The new reserve, less than one-thirteenth the size of the 1851 reserve, was located in eastern Colorado along the Arkansas River between the northern boundary of New Mexico and Sand Creek. Some bands of Cheyenne including the Dog Soldiers, a militaristic band of Cheyennes and Lakotas that had evolved beginning in the 1830s, were angry at those chiefs who had signed the treaty, disavowing the treaty and refusing to abide by its constraints. They continued to live and hunt in the bison-rich lands of eastern Colorado and western Kansas, becoming increasingly belligerent over the tide of white immigration across their lands, particularly in the Smoky Hill River country of Kansas, along which whites had opened a new trail to the gold fields. Cheyennes opposed to the treaty said that it had been signed by a small minority of the chiefs without the consent or approval of the rest of the tribe, that the signatories had not understood what they signed, and that they had been bribed to sign by a large distribution of gifts. The whites, however, claimed the treaty was a "solemn obligation" and considered that those Indians who refused to abide by it were hostile and planning a war.

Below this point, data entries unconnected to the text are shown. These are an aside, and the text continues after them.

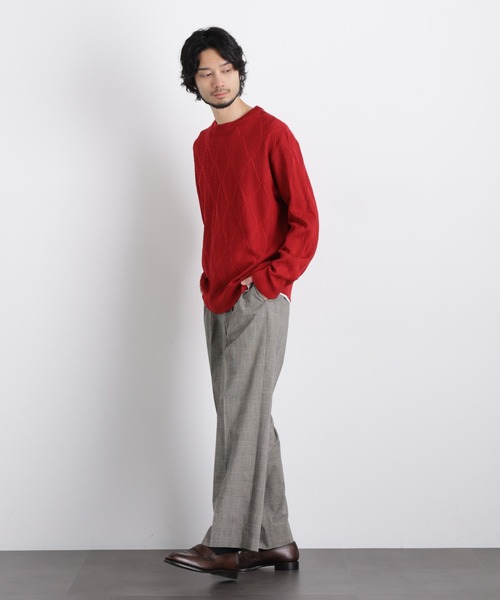 NANO universe(ナノユニバース)の「ハイツイストテクスチャーニット(ニット/セーター・メンズ・オフホワイト/レッド/サックスブルー/ブラック・L/M/S)」の15枚目の写真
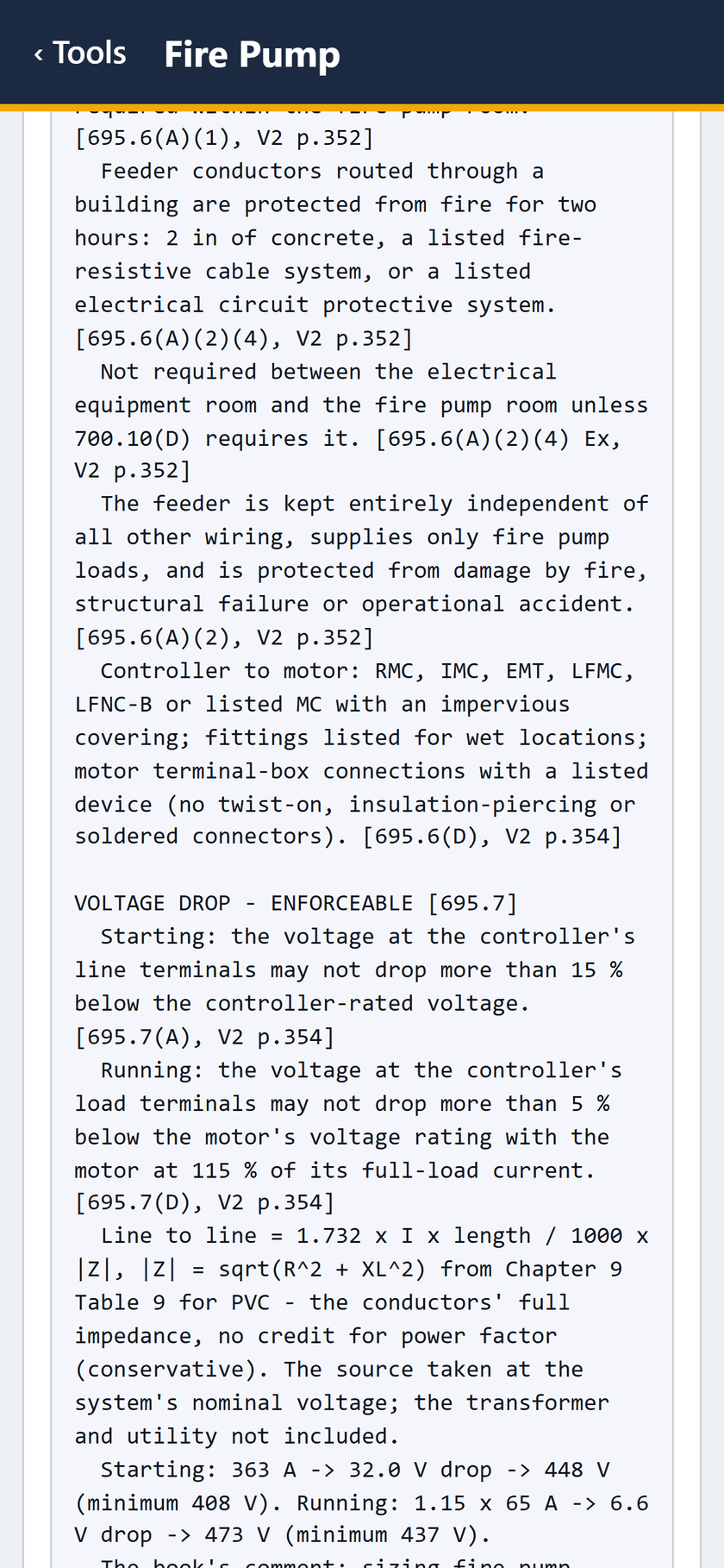 Fire Pump screen: Feeder fire protection for two hours, the controller-to-motor wiring, then voltage drop under 695.7: starting 448 V, minimum 408 V.
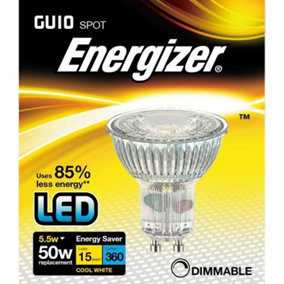 Energizer LED GU10 5.5w 350lm Light Bulb Cap Cool White Dimmable Silver (One Size)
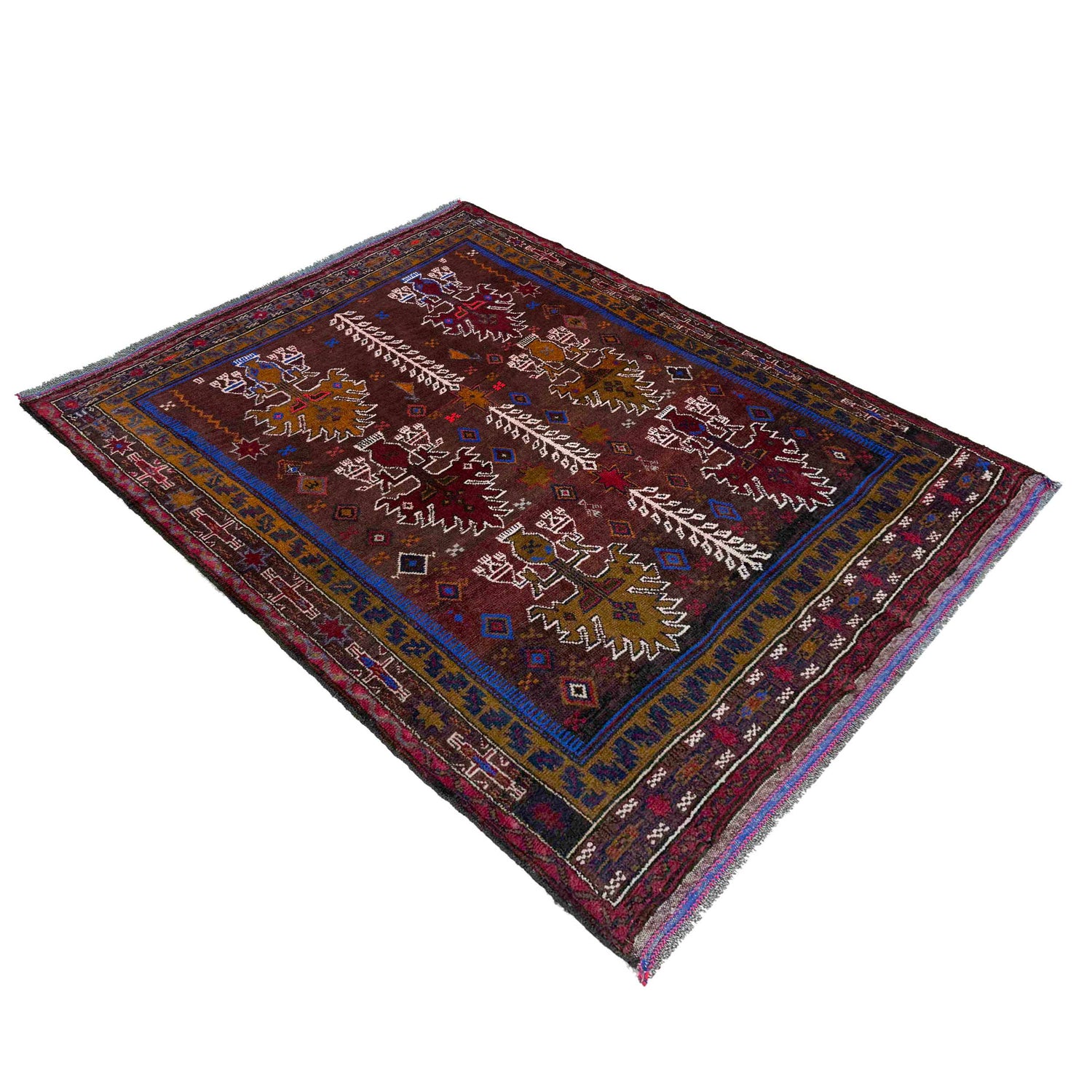 Baluchi Rug Handmade Multi Geometric 3x5 ft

==Colorado War and Sand Creek Massacre==

The beginning of the American Civil War in 1861 led to the organization of military forces in Colorado Territory. In March 1862, the Coloradans defeated the Texas Confederate Army in the Battle of Glorieta Pass in New Mexico. Following the battle, the First Regiment of Colorado Volunteers returned to Colorado Territory and were mounted as a home guard under the command of Colonel John Chivington. Chivington and Colorado territorial governor John Evans adopted a hard line against Indians. Continuing escalation led to the Colorado War of 1864–1865. On November 29, 1864, troops under Chivington attacked a peaceful Cheyenne and Arapaho camp at Sand Creek on the reserve established for them under the Treaty of Fort Wise. This event became known as the Sand Creek Massacre.